● EXERCISE REQUIREMENTS: All records below must be retyped exactly.

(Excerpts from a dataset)
________________________

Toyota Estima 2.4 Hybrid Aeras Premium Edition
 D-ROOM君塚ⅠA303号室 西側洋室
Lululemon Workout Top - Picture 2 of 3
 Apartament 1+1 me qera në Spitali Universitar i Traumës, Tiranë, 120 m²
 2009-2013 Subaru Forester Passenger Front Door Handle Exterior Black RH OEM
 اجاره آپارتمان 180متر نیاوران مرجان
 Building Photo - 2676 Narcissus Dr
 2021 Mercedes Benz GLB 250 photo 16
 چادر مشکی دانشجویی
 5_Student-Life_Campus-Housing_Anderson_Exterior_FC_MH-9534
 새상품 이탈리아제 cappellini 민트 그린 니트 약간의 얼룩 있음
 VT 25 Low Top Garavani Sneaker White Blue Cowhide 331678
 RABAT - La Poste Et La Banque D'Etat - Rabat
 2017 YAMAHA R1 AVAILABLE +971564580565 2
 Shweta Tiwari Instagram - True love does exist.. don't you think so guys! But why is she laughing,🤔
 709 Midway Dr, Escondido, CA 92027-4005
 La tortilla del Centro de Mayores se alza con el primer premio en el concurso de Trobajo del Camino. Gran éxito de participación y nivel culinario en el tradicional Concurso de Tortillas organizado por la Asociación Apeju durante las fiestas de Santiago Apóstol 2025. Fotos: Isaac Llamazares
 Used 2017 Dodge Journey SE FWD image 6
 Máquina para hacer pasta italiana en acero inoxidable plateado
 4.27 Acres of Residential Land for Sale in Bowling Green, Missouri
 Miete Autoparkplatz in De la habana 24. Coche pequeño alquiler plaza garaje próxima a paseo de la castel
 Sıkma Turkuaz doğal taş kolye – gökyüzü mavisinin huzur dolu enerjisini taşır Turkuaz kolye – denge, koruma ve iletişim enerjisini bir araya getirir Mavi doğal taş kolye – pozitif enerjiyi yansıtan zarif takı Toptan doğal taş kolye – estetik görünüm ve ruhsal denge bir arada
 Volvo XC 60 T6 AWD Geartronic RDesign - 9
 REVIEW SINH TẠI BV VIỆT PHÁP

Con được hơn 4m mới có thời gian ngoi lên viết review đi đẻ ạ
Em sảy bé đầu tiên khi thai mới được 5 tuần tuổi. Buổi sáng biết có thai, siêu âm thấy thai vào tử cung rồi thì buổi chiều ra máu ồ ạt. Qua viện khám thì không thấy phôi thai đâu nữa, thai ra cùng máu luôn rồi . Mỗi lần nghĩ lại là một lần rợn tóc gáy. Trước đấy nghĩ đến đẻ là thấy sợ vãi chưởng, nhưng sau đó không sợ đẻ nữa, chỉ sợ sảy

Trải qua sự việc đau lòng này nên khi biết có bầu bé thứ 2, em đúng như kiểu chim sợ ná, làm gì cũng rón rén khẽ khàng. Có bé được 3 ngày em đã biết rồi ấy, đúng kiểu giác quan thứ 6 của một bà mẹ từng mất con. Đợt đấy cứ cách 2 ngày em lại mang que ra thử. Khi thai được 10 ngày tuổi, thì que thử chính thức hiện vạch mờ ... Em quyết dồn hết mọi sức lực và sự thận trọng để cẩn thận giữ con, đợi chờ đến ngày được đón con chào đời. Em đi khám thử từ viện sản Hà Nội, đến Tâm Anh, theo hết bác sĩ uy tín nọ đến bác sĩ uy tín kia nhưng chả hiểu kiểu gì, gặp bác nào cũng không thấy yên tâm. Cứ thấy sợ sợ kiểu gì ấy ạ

________________________

● ANSWER TO THIS PROBLEM:
Toyota Estima 2.4 Hybrid Aeras Premium Edition
 D-ROOM君塚ⅠA303号室 西側洋室
Lululemon Workout Top - Picture 2 of 3
 Apartament 1+1 me qera në Spitali Universitar i Traumës, Tiranë, 120 m²
 2009-2013 Subaru Forester Passenger Front Door Handle Exterior Black RH OEM
 اجاره آپارتمان 180متر نیاوران مرجان
 Building Photo - 2676 Narcissus Dr
 2021 Mercedes Benz GLB 250 photo 16
 چادر مشکی دانشجویی
 5_Student-Life_Campus-Housing_Anderson_Exterior_FC_MH-9534
 새상품 이탈리아제 cappellini 민트 그린 니트 약간의 얼룩 있음
 VT 25 Low Top Garavani Sneaker White Blue Cowhide 331678
 RABAT - La Poste Et La Banque D'Etat - Rabat
 2017 YAMAHA R1 AVAILABLE +971564580565 2
 Shweta Tiwari Instagram - True love does exist.. don't you think so guys! But why is she laughing,🤔
 709 Midway Dr, Escondido, CA 92027-4005
 La tortilla del Centro de Mayores se alza con el primer premio en el concurso de Trobajo del Camino. Gran éxito de participación y nivel culinario en el tradicional Concurso de Tortillas organizado por la Asociación Apeju durante las fiestas de Santiago Apóstol 2025. Fotos: Isaac Llamazares
 Used 2017 Dodge Journey SE FWD image 6
 Máquina para hacer pasta italiana en acero inoxidable plateado
 4.27 Acres of Residential Land for Sale in Bowling Green, Missouri
 Miete Autoparkplatz in De la habana 24. Coche pequeño alquiler plaza garaje próxima a paseo de la castel
 Sıkma Turkuaz doğal taş kolye – gökyüzü mavisinin huzur dolu enerjisini taşır Turkuaz kolye – denge, koruma ve iletişim enerjisini bir araya getirir Mavi doğal taş kolye – pozitif enerjiyi yansıtan zarif takı Toptan doğal taş kolye – estetik görünüm ve ruhsal denge bir arada
 Volvo XC 60 T6 AWD Geartronic RDesign - 9
 REVIEW SINH TẠI BV VIỆT PHÁP

Con được hơn 4m mới có thời gian ngoi lên viết review đi đẻ ạ
Em sảy bé đầu tiên khi thai mới được 5 tuần tuổi. Buổi sáng biết có thai, siêu âm thấy thai vào tử cung rồi thì buổi chiều ra máu ồ ạt. Qua viện khám thì không thấy phôi thai đâu nữa, thai ra cùng máu luôn rồi . Mỗi lần nghĩ lại là một lần rợn tóc gáy. Trước đấy nghĩ đến đẻ là thấy sợ vãi chưởng, nhưng sau đó không sợ đẻ nữa, chỉ sợ sảy

Trải qua sự việc đau lòng này nên khi biết có bầu bé thứ 2, em đúng như kiểu chim sợ ná, làm gì cũng rón rén khẽ khàng. Có bé được 3 ngày em đã biết rồi ấy, đúng kiểu giác quan thứ 6 của một bà mẹ từng mất con. Đợt đấy cứ cách 2 ngày em lại mang que ra thử. Khi thai được 10 ngày tuổi, thì que thử chính thức hiện vạch mờ ... Em quyết dồn hết mọi sức lực và sự thận trọng để cẩn thận giữ con, đợi chờ đến ngày được đón con chào đời. Em đi khám thử từ viện sản Hà Nội, đến Tâm Anh, theo hết bác sĩ uy tín nọ đến bác sĩ uy tín kia nhưng chả hiểu kiểu gì, gặp bác nào cũng không thấy yên tâm. Cứ thấy sợ sợ kiểu gì ấy ạ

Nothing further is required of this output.